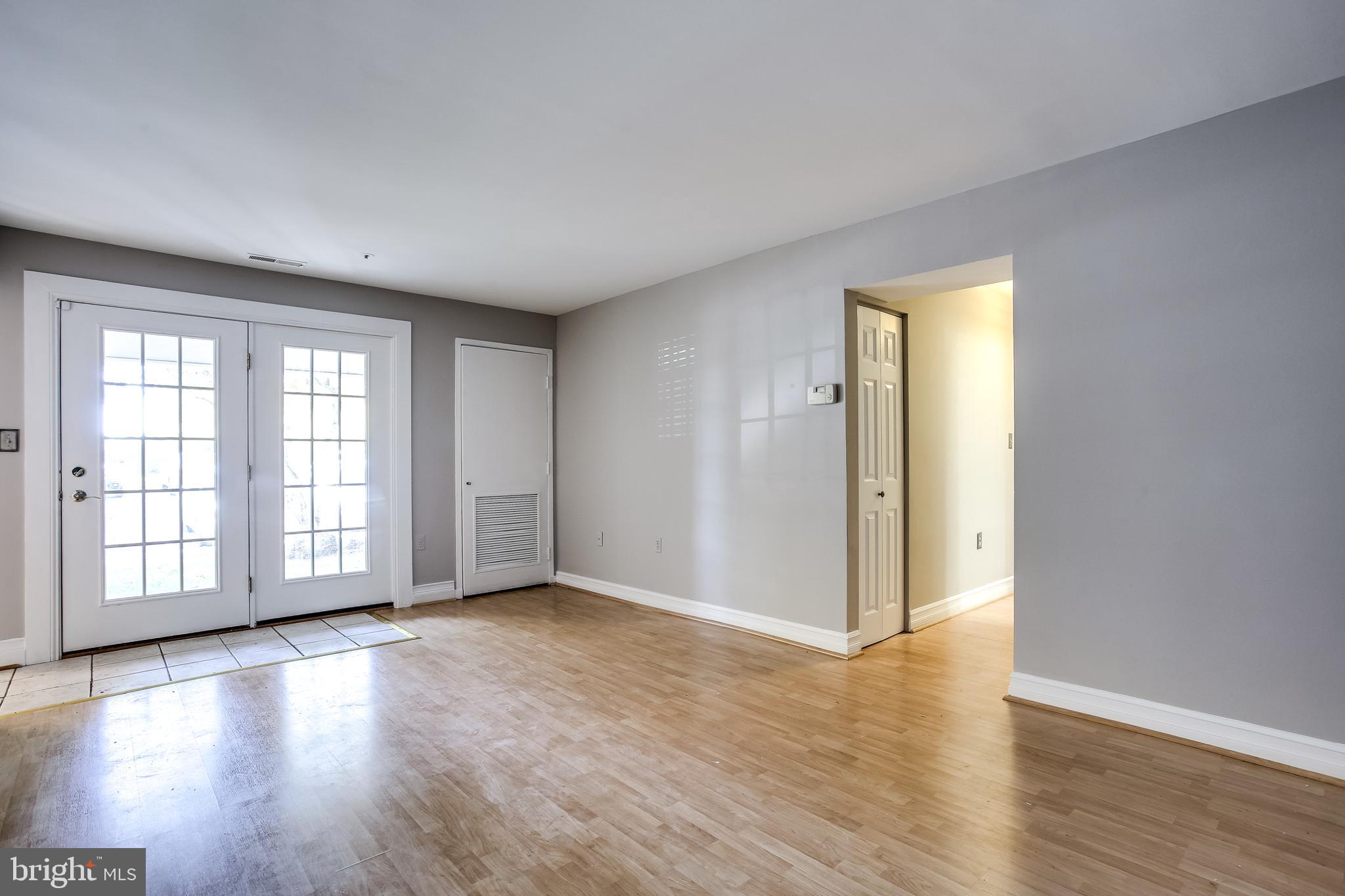 8384 Montgomery Run Road, Unit A Ellicott City, MD 21043 - Photo 4 of 29 Sun-Filled Living Room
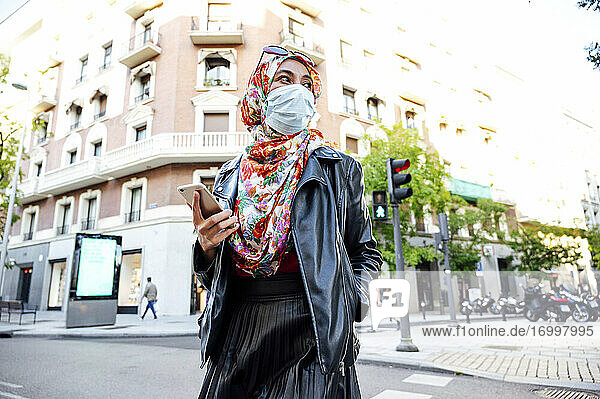 Muslimische Frau im Hidschab mit Handy in der Hand  die während des COVID-19 auf einer Straße in der Stadt geht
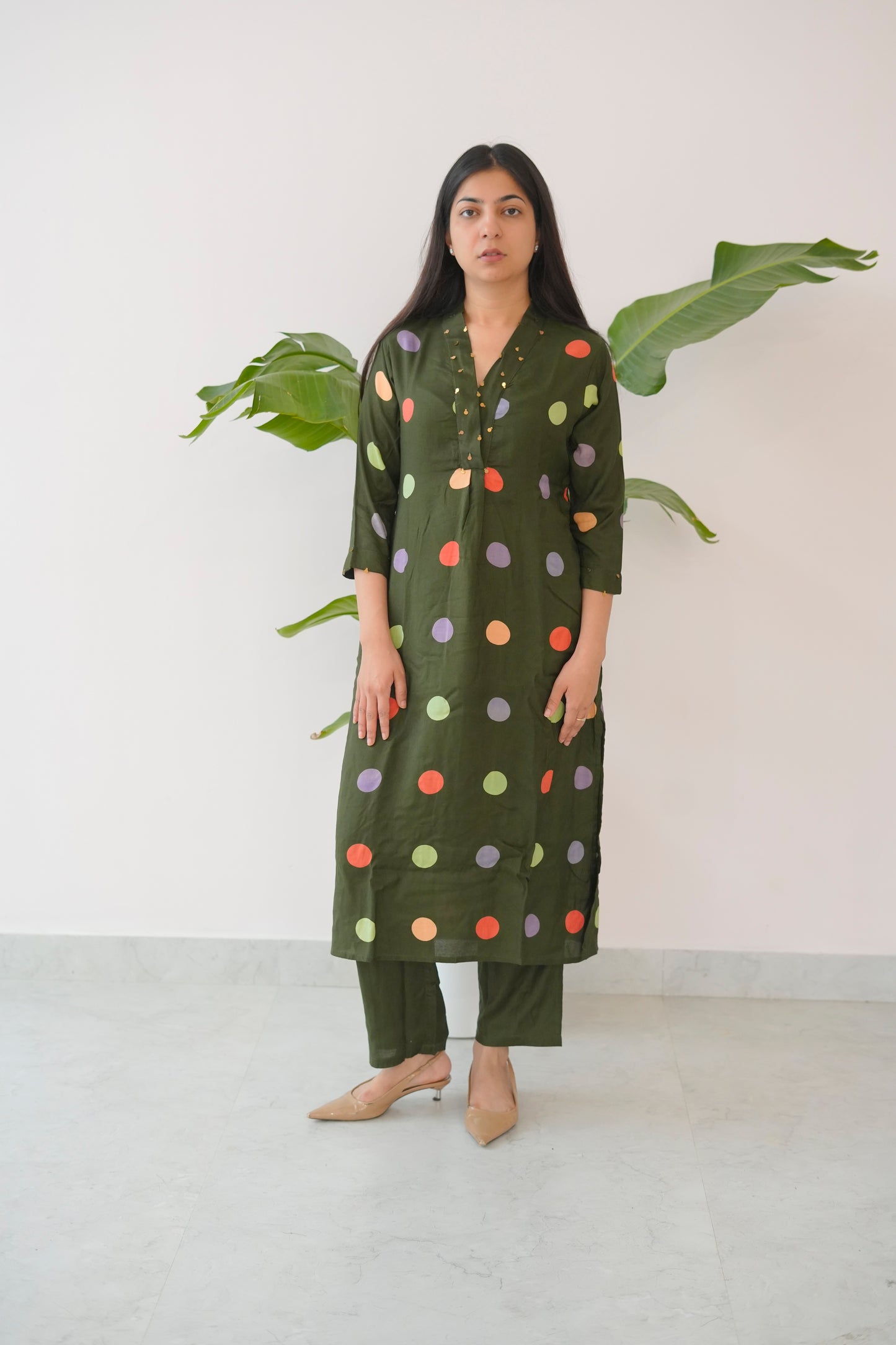 Woman wearing a green polka dot dress standing in front of a white wall with a plant.
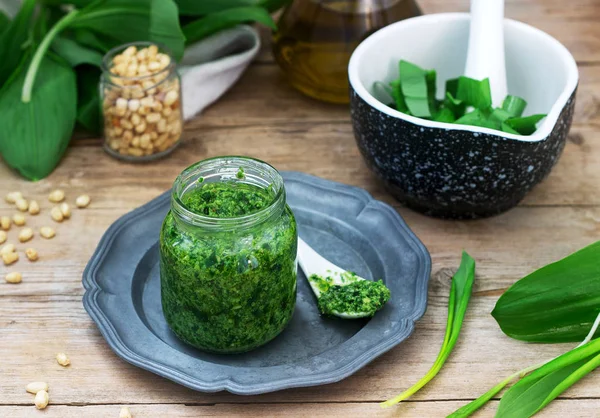 Ramson pesto and ingredients for cooking it on a wooden table. Rustic style. — Stock Photo, Image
—————
▶ **EXERCISE INSTRUCTIONS**: Copy the listing exactly. Leave the pictures out.

▶ **RESPONSE BELOW**:
 8384 Montgomery Run Road, Unit A Ellicott City, MD 21043 - Photo 4 of 29 Sun-Filled Living Room
 Muslimische Frau im Hidschab mit Handy in der Hand  die während des COVID-19 auf einer Straße in der Stadt geht
 Woman wearing a green polka dot dress standing in front of a white wall with a plant.
 Ramson pesto and ingredients for cooking it on a wooden table. Rustic style. — Stock Photo, Image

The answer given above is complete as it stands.